A Web Developer's Guide to Combating Spam

Key Points

Unsolicited junk email, also known as spam, is a growing and seemingly out of control problem on the Internet.

Exposed website email addresses contribute to the spam problem by attracting programs called spambots. Spambots rove the Internet looking for email addresses to harvest and send back to spammers.

Several techniques can be used to mask or hide website email addresses from spambots. These include munging, using graphics for email addresses, and using JavaScript and ASCII.

By Robert D. Hughes

The Problem

Spam, or unsolicited junk email, is the bane of the Internet. An estimated 70% of all email messages are now considered spam. That's nearly 3 out of 4 emails. Clearly the situation is out of control, and Web developers have contributed to the problem by exposing Web page email addresses to automated programs called spambots. These spambots scour the Web looking for @ symbols and mailto: schemes in email links, and when they find them they send the associated email addresses back to their spammer parents. The spammers then use the collected email addresses to send out spam, or they sell them to other spammers. The end result is an increase in spam. The focus of this article will be to demonstrate techniques that Web developers can use to hide or mask email addresses in Web page mailto links from roving spambots. Note: Though effective, the techniques described in this article are not foolproof; the only way to guarantee that a Web page email address won't be discovered by spambots is not to publish it. This article is not intended to be a primer on spam itself. For that, try a Web search using "spam" as the keyword.

Techniques

Munging

Munging means removing certain characters from an email address and replacing them with other characters that spambots don't recognize, thus hiding the email address. For example, in the hypothetical email address below, the @ symbol has been replaced with the letters AT.

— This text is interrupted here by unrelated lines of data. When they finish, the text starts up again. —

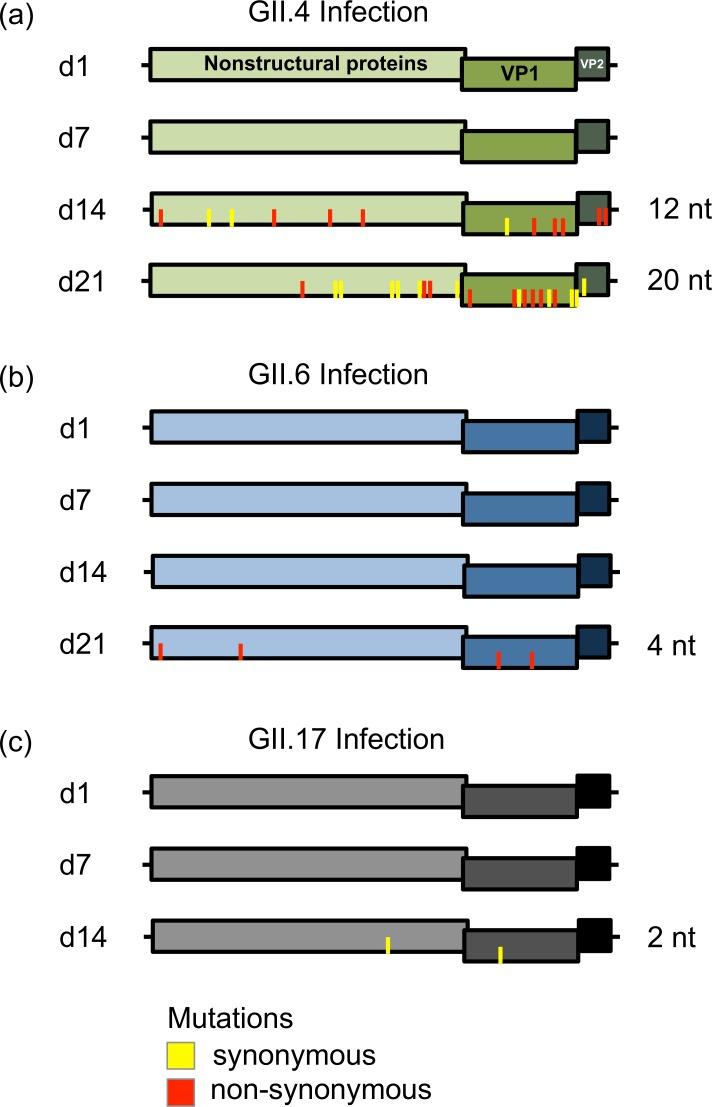 https://cdn.ncbi.nlm.nih.gov/pmc/blobs/a889/5283768/b87983b86220/ppat.1006136.g003.jpg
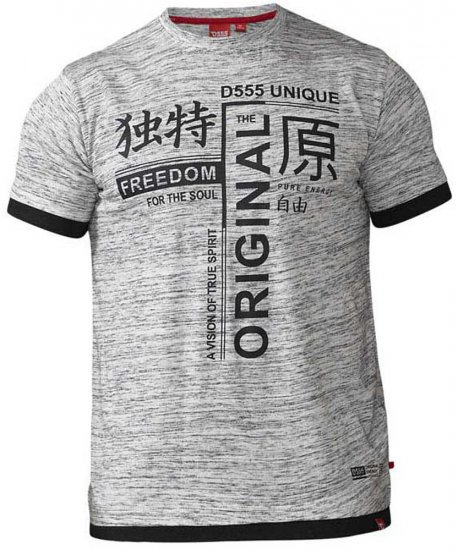 D555 Harold T-shirt Grey - T-paidat - Isot T-paidat 2XL – 14XL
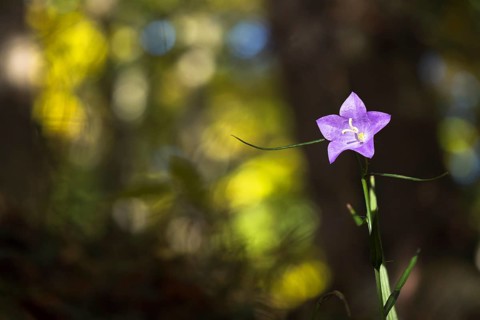 Harebell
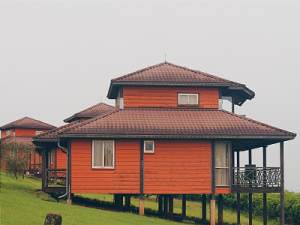 Obudu cattle ranch 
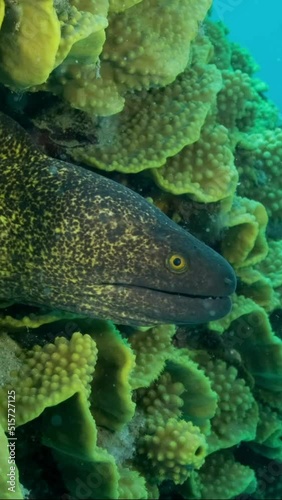 VERTICAL VIDEO: Yellow Edged Moray Eel (Gymnothorax flavimarginatus) peeks out of its Lettuce coral or Yellow Scroll Coral (Turbinaria reniformis). Slow motion, Close-up photo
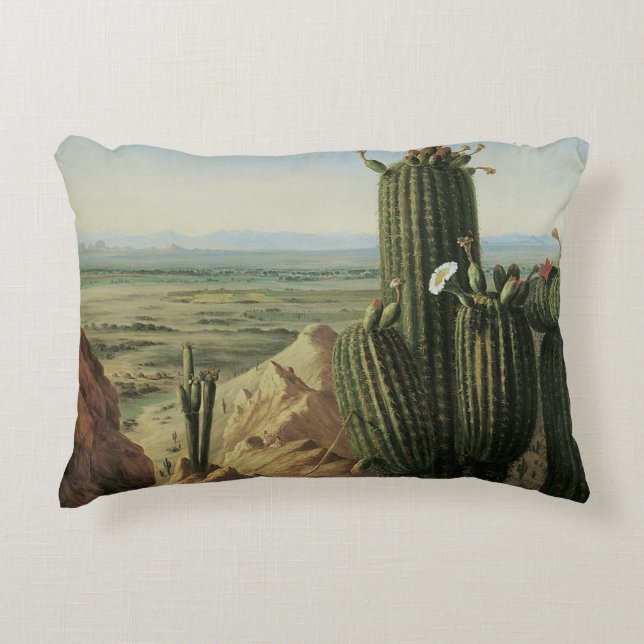 View from Maricopa Mountain Near Rio Gila by Pratt Decorative Cushion (Front)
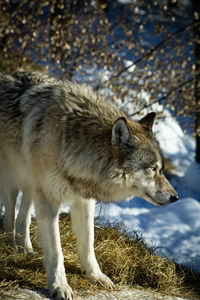 animal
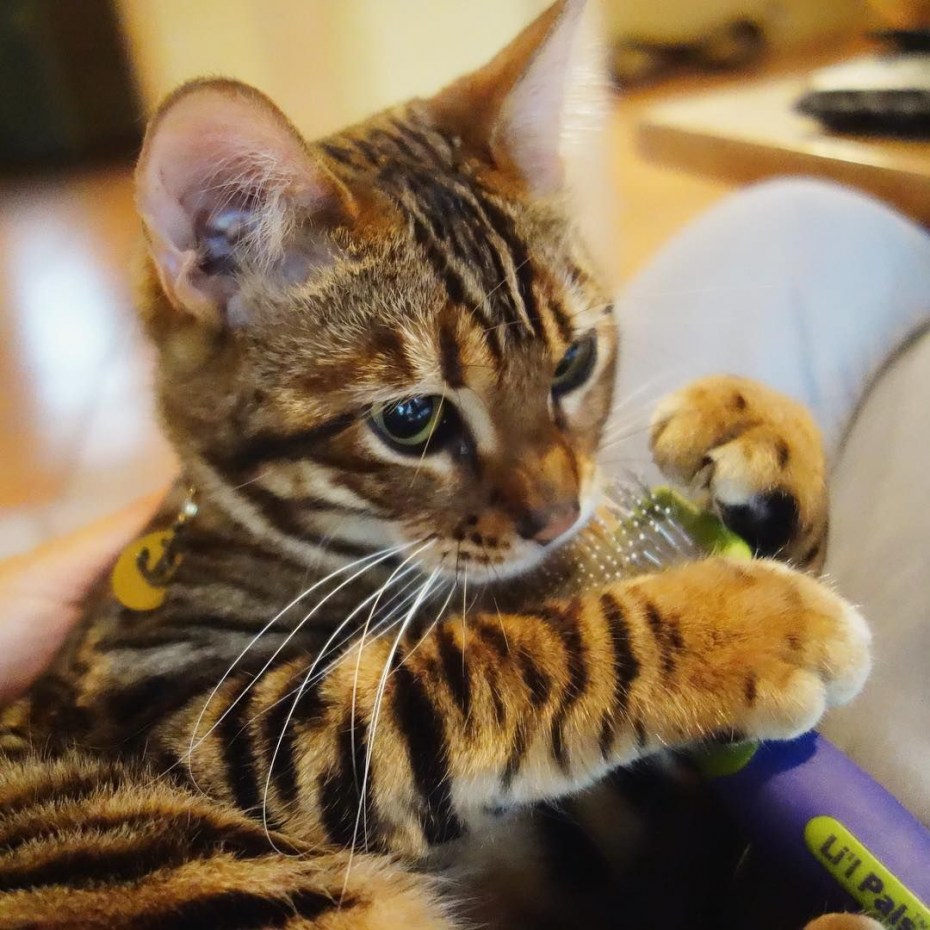 Кошка тойгер котята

james.peterson AT someisp.com

The main drawback with this technique is that a munged email address appears on a Web page as plain text and not as a clickable link (don't try to use a munged email address in an email link; it won't work). Thus a user has 2 choices if he or she wants to use a munged email address: either manually type the address into the To: field of an email message and replace the undesirable characters with the appropriate characters, or copy the munged email address from a Web page, paste it into the To: field of an email message, remove the undesirable characters, and replace them with the appropriate characters. Less Web savvy folks might not know how to do this and there's always the possibility that mistakes will be made during the character replacement process, e.g., the required @ symbol will be replaced by another character, rendering the email address unusable. It's also fairly labor intensive compared to just clicking a link. For these reasons munging is a less than desirable way of hiding Web page email addresses from spambots.

Graphical email Addresses

Some websites use graphics to represent email addresses. For example, the hypothetical email address below is actually a GIF graphic created in Photoshop. If you click it or try and copy and paste it into the To: field of an email message, nothing happens. The user has to manually type the characters into the To: field of an email message. Like munging, this is a fairly labor intensive process compared to clicking a link, and there's always the possibility of making a typo. Also, some users turn image rendering off in their browsers. A graphical email address won't appear on a Web page if this is the case.

Using JavaScript

JavaScript can be used to encrypt or "scramble" Web page email addresses to hide them from spambots. The example below shows a hypothetical email address scrambled using JavaScript:

In the example above, the email address has been broken up into parts and each part has been assigned to a variable. The document.write statement is then used to write the variables to the Web page. On a Web page this all appears as a clickable mailto link, if JavaScript is enabled (see the next paragraph). This is only one way of using JavaScript to encrypt an email address, and if you're familiar with JavaScript you can probably come up with a few others.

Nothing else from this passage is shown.